|Changes in color of amethyst by heat treatment and UV radiation. |
Credit: Amir Akhavan
The color in amethyst from most localities is unevenly distributed in the individual crystals. In amethyst geodes it is often most intense in the growth zones under the rhombohedral faces.
Occasionally the color is deeper under either the r or z rhombohedral faces, giving the crystal a pinwheel appearence when viewed from the top. In prismatic crystals the color may appear in phantom-like thin layers, while in scepters and skeleton quartz the color is often concentrated along the edges, and accompanied by smoky zones.
When heated to more than about 300-400°C, amethyst loses its violet color and often turns yellow, orange or brown, and then resembles the quartz variety citrine, but depending on the locality and the temperature during the heat treatment it may also turn colorless or - rarely - green.
Irradiation with UV light will also destroy the color centers, and accordingly prolonged exposure to sunlight will slowly fade amethyst. The photo to the right shows the effects of heat (bottom left and right) and UV irradiation (top right) on the color of a specimen from Uruguay.
Amethyst is pleochroic when the polarization of the light is changed from parallel to the c-axis to perpendicular to the c-axis, amethyst changes its color from blue-violet to purple. The strength of the effect varies to a considerable degree, and changes in the hue depending on the direction of the transmitted light may be observable with the naked eye, in particular in crystals with a zonar development of color, which may even show sky-blue tones.

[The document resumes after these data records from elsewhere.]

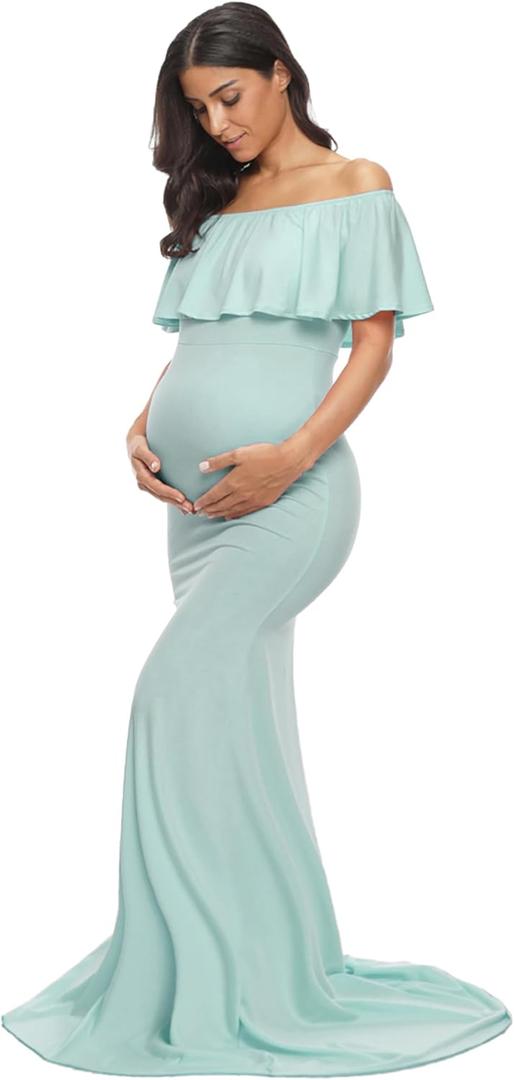 Glampunch Womens Off Shoulder Maternity Dress Ruffles Elegant Slim Gowns Fit Maxi Photography Dress (Light Blue), XL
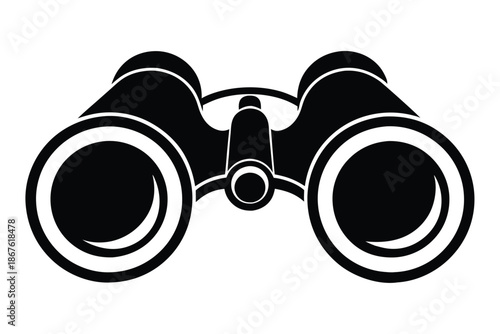 Optical Binoculars Icon Silhouette for Hiking and Mountain Exploration Equipment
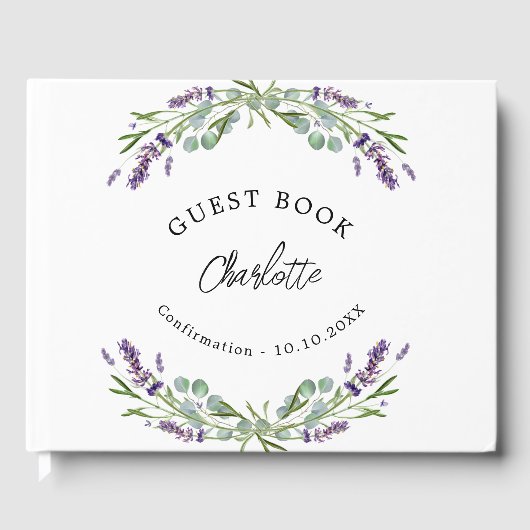 Bevestiging lavender violet florals eucalyptus gastenboek (Voorkant)
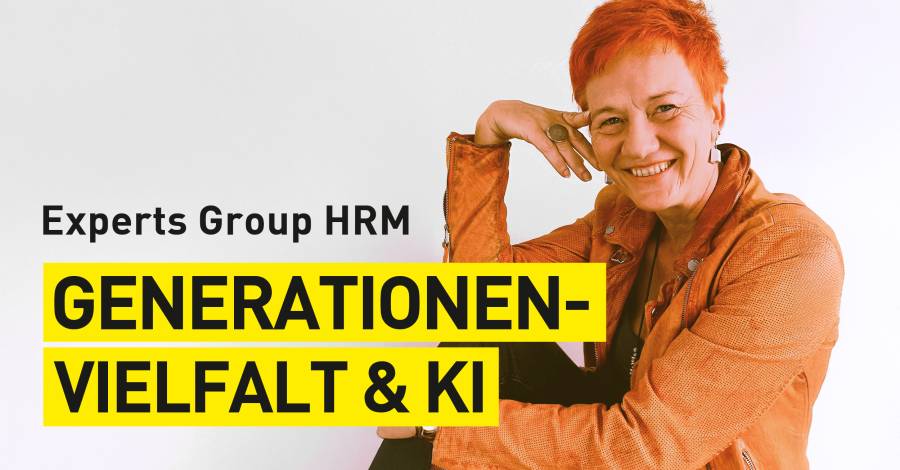 Lächelnde Person in orangefarbener Jacke, daneben Text: Generationenvielfalt & KI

A part of a deeply colored amethyst geode from Rio Grande Do Sul was cut into four pieces. Three of them were treated with heat or UV radiation. The four pieces were glued together again after treatment.
- Top Left: Untreated, original color. Color seems to be evenly distributed in the tips, but is most intense 1-4 mm under the rhombohedral crystal faces.
- Top Right: Exposed to UV light from two 18W low pressure mercury lamps (germicidal UV-C lamps) for 3 months. The crystals have lost almost all their color, but some slightly violet patches are still visible inside some crystals. Fading proceeds relatively quickly in the beginning, but slows down with time. The complete bleaching would probably have required another 2-3 months of exposure.
- Bottom Left: Heating to about 380°C for 8 hours resulted in loss of most violet color and an overall patchy appearence. Some crystals are still colored violet in central parts while the outmost layers of the rhombohedral faces start to develop a yellow-brown color.
- Bottom Right: Heating to about 450°C for 12 hours. The violet color is gone, and a orange-brown color appears that is most intense close to the surface. Note that the most intense violet color of the untreated crystals is not directly at the surface, but a few millimeters inside the crystals.